I should probably add at this point that I know absolutely nothing about Kobe Bryant. I mean other than through tidbits I’ve gleaned through the osmosis of living. Apparently everyone has an opinion and some sort of emotional investment in this though. Even Uber-drivers in Johannesburg.
His death made a lot of people incredibly sad. And some people gleefully happy. Both types took to twitter to express themselves. And then troll each other. Its at times like this that I will often worry about myself. Because I felt nothing. People die. That’s it. Isn’t it?
My driver was in the sad camp and I could sense he was trying to illicit some sort reaction out of me. I scrolled through the response options in my mind, but they all felt disingenuous and fake.
So instead I asked him what he thought about people ‘bad-mouthing’ the dead. For additional context I threw in Bryant’s rape allegation.
I could tell this was pure anathema to him. Although why this should be intrigued me. He didn’t know Kobe Bryant.

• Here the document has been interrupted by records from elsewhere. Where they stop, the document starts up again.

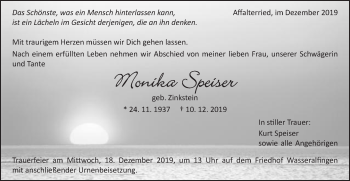 Traueranzeige von Monika Speiser von Schwäbische Post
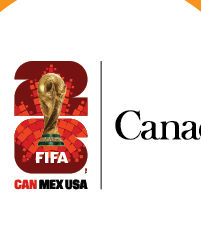 FIFA World Cup 2026 logo "26 FIFA CAN MEX USA" and Canada wordmark.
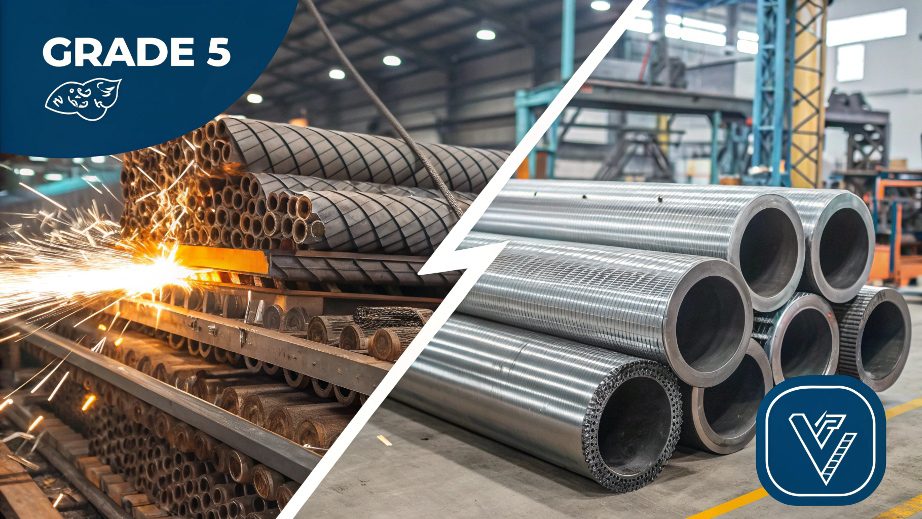 Grade 4 vs Grade 5 Titanium Side-by-side comparison of a machined Grade 4 and Grade 5 titanium part.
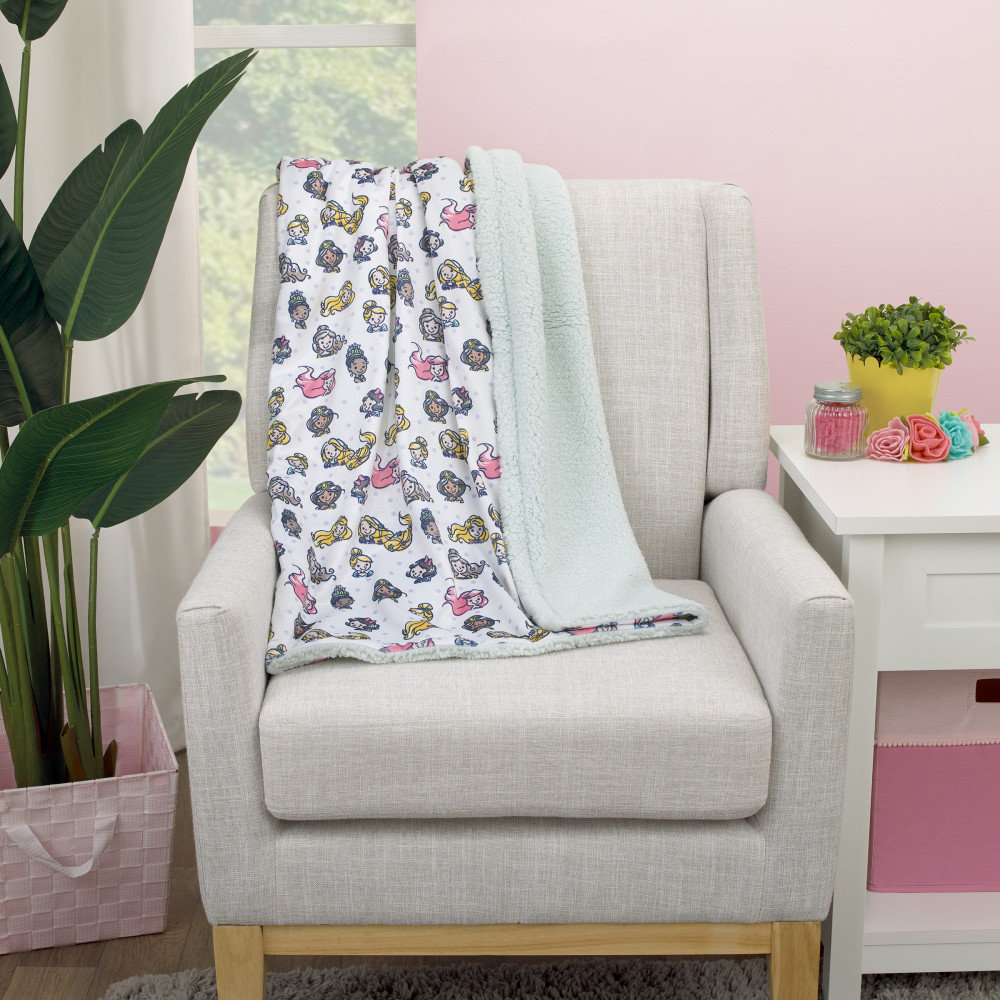 NoJo Disney Princess Dot Super Soft Baby Blanket with Sherpa Back Disney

I remember when Christopher Hitchens died. Someone I had liked and how people came out of the woodwork to dance on his grave. Did that make me angry? I can’t remember now. Maybe. I probably thought it in bad taste. The same thing when Ronald Reagan died… I also kinda liked him. So maybe if I’d liked Kobe I’d also be disgruntled if someone were to harp on the darkness instead of the light.
The truth is I just don’t know. We all assign different weights to different aspects of peoples lives I suppose. Some ascribe more weight to a rape allegation. Others focus purely on his skill as basketball player and celebrity -paragon.
Does that make some people wrong and other people right? Is this something we should even have an opinion on? An opinion that we shout out into ether from our little soapbox pulpit?
In any event hopefully he didn’t downgrade me. I’d be upset if I lost my five star rating over a carefully crafted neutral attitude towards someones demise. I tipped him a little bit extra just to nudge me back into the good books. Ha ha. Don’t judge me… a lot of my self-esteem is wrapped up in that rating.